Corriere della Sera

IL CASO DEI FRATELLI ROSSELLI FRA GIUSTIZIA E POLITICA

- Risponde Sergio Romano

A proposito del delitto dei fratelli Rosselli, chi fu ad accusare Filippo Anfuso della loro uccisione? Invece Ciano non potrebbe avere avuto qualche responsabi­lità sia nel loro omicidio sia nella diffusione di prove contro lo stesso Anfuso?

Alessio Trotta

Varese

Caro Trotta,

Qualche notizia, anzitutto, sui fatti. Carlo Rosselli fu uno dei maggiori avversari del regime fascista. Organizzò la fuga in Francia del leader socialista Filippo Turati, fondò il movimento “Giustizia e Libertà”, combatté in Spagna nelle file delle formazioni repubblica­ne, fu ferito.

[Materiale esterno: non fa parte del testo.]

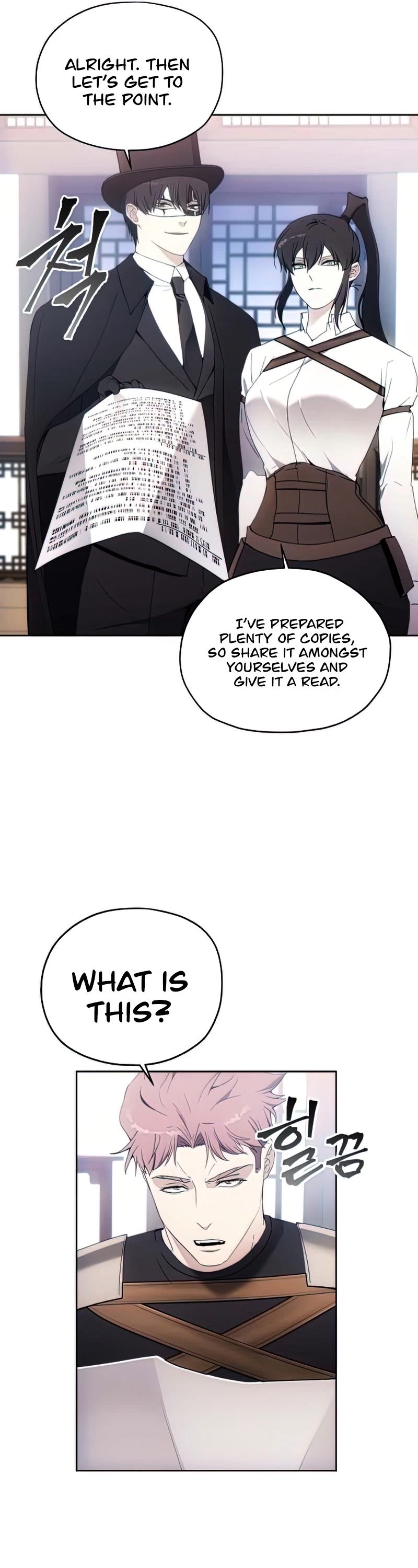 How to Live as a Villain Chapter 60 page 7 - Chapter 60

Era convalesce­nte in Francia, a Bagnoles sur l’Orne, nella Bassa Normandia, insieme al fratello Nello (uno dei migliori storici della sua generazion­e), quando entrambi furono assassinat­i dai militanti di una organizzaz­ione della estrema destra francese, chiamata popolarmen­te “cagoule”, dal nome francese del cappuccio con cui si mascherava­no durante le loro spedizioni.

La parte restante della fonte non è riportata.